Kerosene and Paraffin are two different things, although often lumped together
Kerosene is close to what is used in jet engines and gas turbines, but as they
have separate lubrication systems for the engine parts that handle the fuel, the
fuel doesn't need oil to be added.
Diesel engines in general, especially those with rotary DPA pumps rely on the
added oil in the diesel to lubricate the pump bearings. Multi-fuel diesels
usually have in-line pumps with camboxes that are lubricated from the engine.
Bedford and Horstmann ( ne: Coventry Climax H30) both supplied engines with
in-line pumps to the MOD for this reason.
I think the derivation of the fuel is different as well, kero is a crude oil
product, paraffin is lower down the chain IIRC and may have additives from coal
tar products. Paraffin absorbs water, while kero does not, another reason why it
is not favoured as a fuel.
See also: TVO
Why do you ask?
Peter & Rita Forbes
On Thu, 27 Mar 2008 19:42:06 -0000, campingstoveman wrote:
Yep, diesel, gas oil etc is 35sec. kerosene parrafin is 28sec.

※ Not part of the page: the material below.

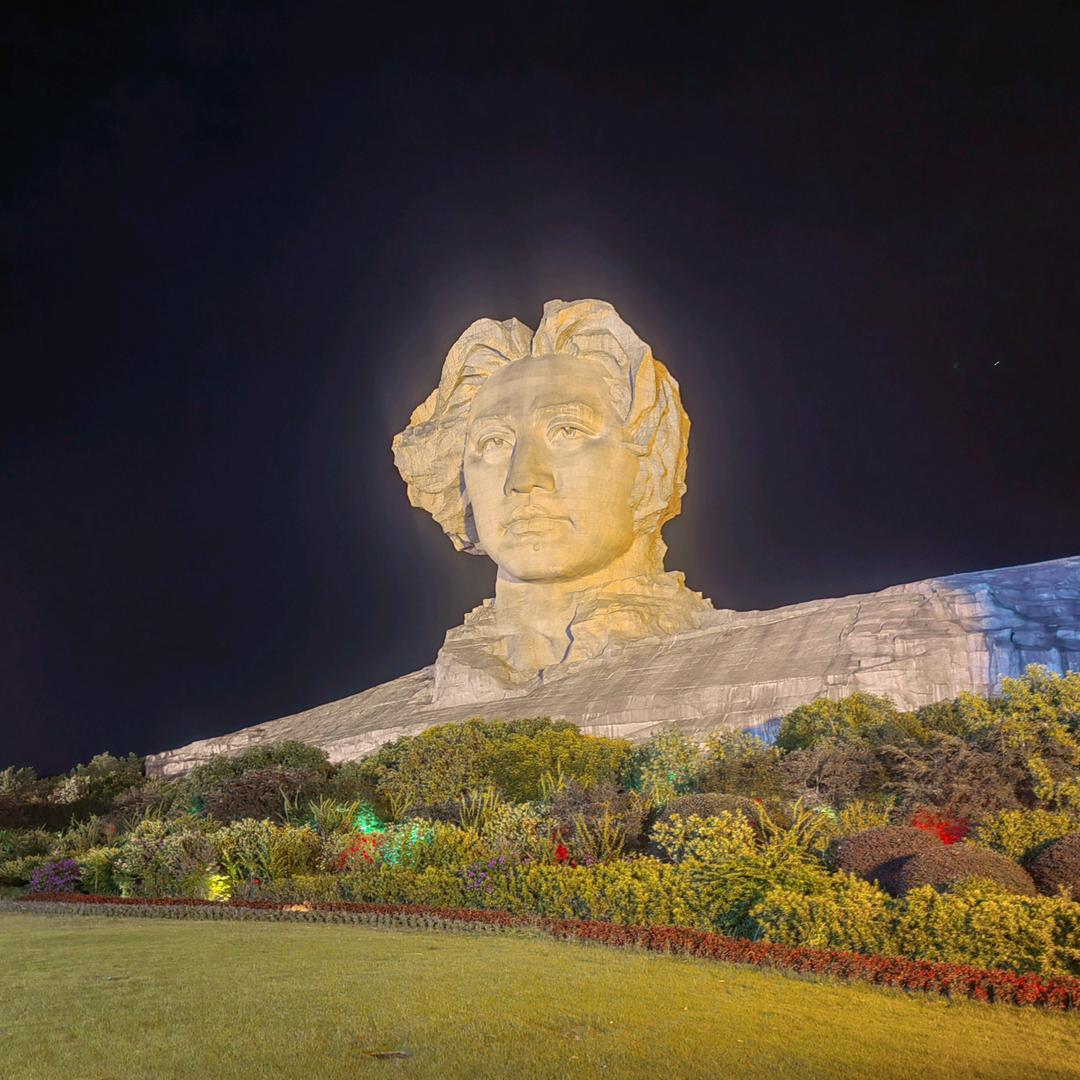 割韭菜的小镰刀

"sec" being the number of seconds a given quantity of the oil takes to
flow through a specified hole in a specified container.
Mr Forbes description of kero v parrafin is interesting, particulary the
hydroscopic nature of parrafin, that is something I've not heard before.
Is there a reference for that anywhere?
That would explain something that's puzzled me for a few years.
When I was VERY young, I painted my push bike. The paint was too thick
but I found parrafin thinned it OK. The resultant mixture took ages to
dry and the bike went rusty as it did so.
There's a good deal of free water in paraffin. I always use petrol to wash
down things (electric motor parts for instance) that I can't subsequently
wash in detergent and finally plain water.